Wenn Einkommen von 11.000 Euro steuerfrei sind, dann stellen sich Betroffene die Frage: Muss ich mit meinem unter der Armutsgrenze liegenden Einkommen in Österreich auch noch Kirchenbeitrag zahlen? Die Antwort lautet kurz: Leider Ja. Der Kirchenbeitrag kann mindestens 32 Euro, aber durchaus 100 Euro und mehr betragen. Dazu kommt, dass etwa 300.000 Selbständigen beziehungsweise Ein-Personen-Unternehmen ein mehr als vierfacher Mindestkirchenbeitrag - nämlich 131 Euro - abverlangt wird. Etwa 2,7 Millionen Menschen zahlen in Österreich keine Steuern, sie verdienen weniger als 11.000 Euro im Jahr. In Deutschland wären sie von der Kirchensteuer befreit.
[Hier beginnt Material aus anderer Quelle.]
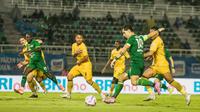 Laga Persebaya kontra Semen Padang pada lanjutan BRI Liga 1 2024/2025. (Aditya Wani/Bola.com)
Durch Teuerung, Inflation und Energiekosten sind Personen mit solchen Einkommen besonders betroffen und kämpfen mit finanziellen Schwierigkeiten im Alltag. Ihre Armut durch den Kirchenbeitrag zu steigern, könnte längst ein Veto der Regierung zu den vorgelegten Kirchenbeitragsordnungen beenden. Das Kirchenbeitragsaufkommen ist übrigens von 2020 auf 2021 von 484 auf 499 Millionen Euro über der Inflationsrate gestiegen, was in den fünf Jahren davor schon der Fall war. Das war vielleicht der Hauptgrund, warum sich Kardinal Christoph Schönborn, in der ORF-"Pressestunde" im März 2020 zum Kirchenbeitrag befragt, mit "Gott sei Dank, haben wir ein anderes System als Deutschland" gewollt oder nicht beim seinerzeitigen NS-Gesetzgeber bedankte.

Das Kirchenbeitragsgesetz aus der NS-Zeit, das in allen vom Regime annektierten Ländern bis 1945 galt, besteht heute nur noch in Österreich. Adolf Hitler hatte für getaufte Christen eine Steuer eingeführt, um einen "vernichtenden Schlag gegen die Kirchenorganisation" zu führen, so lautete damals die Absicht. Wenn NS-Wiederbetätigung in Österreich heute gesetzlich verboten ist, sollte auch das NS-Kirchenbeitragsgesetz einer Prüfung unterzogen werden. Wegzuschauen oder ein Auge zuzudrücken, untergräbt die Glaubwürdigkeit solcher Gesetze.

Die auf dem NS-Gesetz aufbauenden Kirchenbeitragsordnungen sind doppelgleisig angelegt: Erstens wird nach dem Vereinsdenken von Getauften ein Mindestkirchenbeitrag abgefordert, zweitens wird eine Besteuerung durch Schätzung des Einkommens durchgeführt. Zur Vorlage von Einkommensnachweisen gibt es keine staatliche Verpflichtung. In nicht wenigen Fällen wird auch geklagt oder gepfändet. Wie das Inkasso von Armen mit dem sozialen Gewissen der Bischöfe in Einklang zu bringen ist, dazu schweigen bekannte Hilfsorganisationen. Solidarität von Armen zu verlangen, ist wohl frivol.

Als Alternative zum Kirchenbeitrag würde die demokratische Steuerwidmung wie in Italien, Spanien, Slowenien und Ungarn für anerkannte Kirchen die Austritte rapide senken, weil das von den Bischöfen 1998 erkannte Motiv für zwei Drittel der Austritte - nämlich der Kirchenbeitrag - wegfiele. Die Kosten für eine Steuerwidmung wären mit etwa einem halben Prozent der bisherigen Ausgaben für Corona-, Teue-
rung- und Energiehilfen marginal. Dafür würden die Strukturreform 2,7 Millionen Arme sehr spüren. Da etwa in Italien ein kleiner Teil des Steueraufkommens demokratisch zur Wahl für den Staat oder eine Kirche steht, wurde das als Trennung von Kirchen und Staat begründet. Die Steuern kommen ohnehin von den Bürgern, sie erhalten eine demokratische Mitwirkung über den Teil ihrer Leistung.